第6話 飲食店2
飲食を取り巻く環境は依然、厳しい状況が続いているようである。
これは昨今の不況を背景に業態全体として低価格の波が押し寄せているからである。
そこで元気なのが、生活支援型と言われる低価格でボリューム感たっぷりをうたっている業態がそれである。
しかし、だからといって高価格の店(サロン系等)が全てダメという訳でもなさそうだ。
会員制で指紋認証やインターホンでの本人確認等を取り入れているサロンバーやサロンダイニング等も
より高付加価値をうたい顧客の満足をより高度な次元に誘う試みで、成功を納めているところも少なくない。
空間にかける全体費用は減額の方向にあるものの、それをデザインアイデアやデザインアートといわれる
アート性を高めたデザインでカバーし、メニュー内容も多品種少量で一品一品に手間暇をかけて
顧客の満足を刺激し続けているのだ。

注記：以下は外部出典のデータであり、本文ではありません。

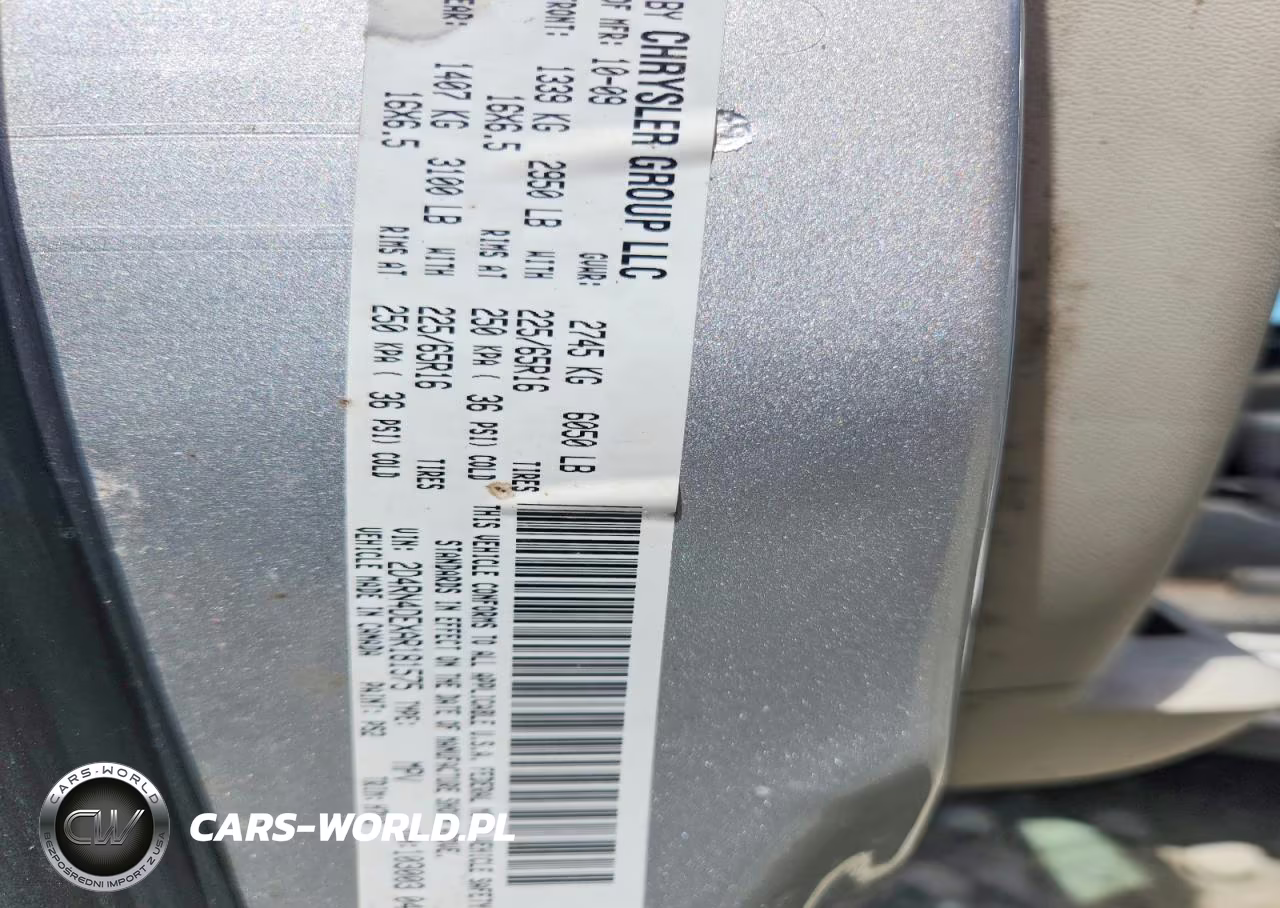 2010 Dodge Grand Caravan Se VIN:2D4RN4DEXAR181575 - 13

この場合、重要視すべきことは繊細な「心づかい」と「気配づくり」である。
どんな業態でも言える当たり前のことであるが、レベルの違いがはっきり解るくらいの気づかいが必要になるのである。
デザインもこれに対応すべく派手すぎず、シンプルすぎない、それでいてどこかで安心できる要素を取り入れなくてはならないと僕は考えている。高級だからといって、凛としすぎたり、カッコ良すぎるだけでは飽きられるし、
なんといってもずっと居るには落ち着けない。
これは今の世情も少なからず影響があると思う。
ダイニング系と言われるレストランでカッコいい店舗はやりつくされ、凛はしんどい、
シンプルはいいけど、おもしろくない。というように消費者が飽きてしまったのである。
だから次の展開(エポックデザイン)が求められているのである。それがデザインアートではないかと思う。
従来より、よりアート性を取り入れたデザインで消費者の心をインスパイアするようなデザインがより求められ、
サービス内容もつかず離れずの「間」を従業員が理解し、さらに
メニューにも常に革新的創意工夫が常に計られている、
そんな場が求められている。生活支援型だけで生活を我慢できる消費者ではない。
より高度で高密度な刺激をそろそろまた求め出している消費者心理に早く対応し、
低価格だけの勝負からの脱却を計るべきである。
次代を紡ぐそれらの業態がそろそろ、表舞台で話題をつくりそうな予感がする。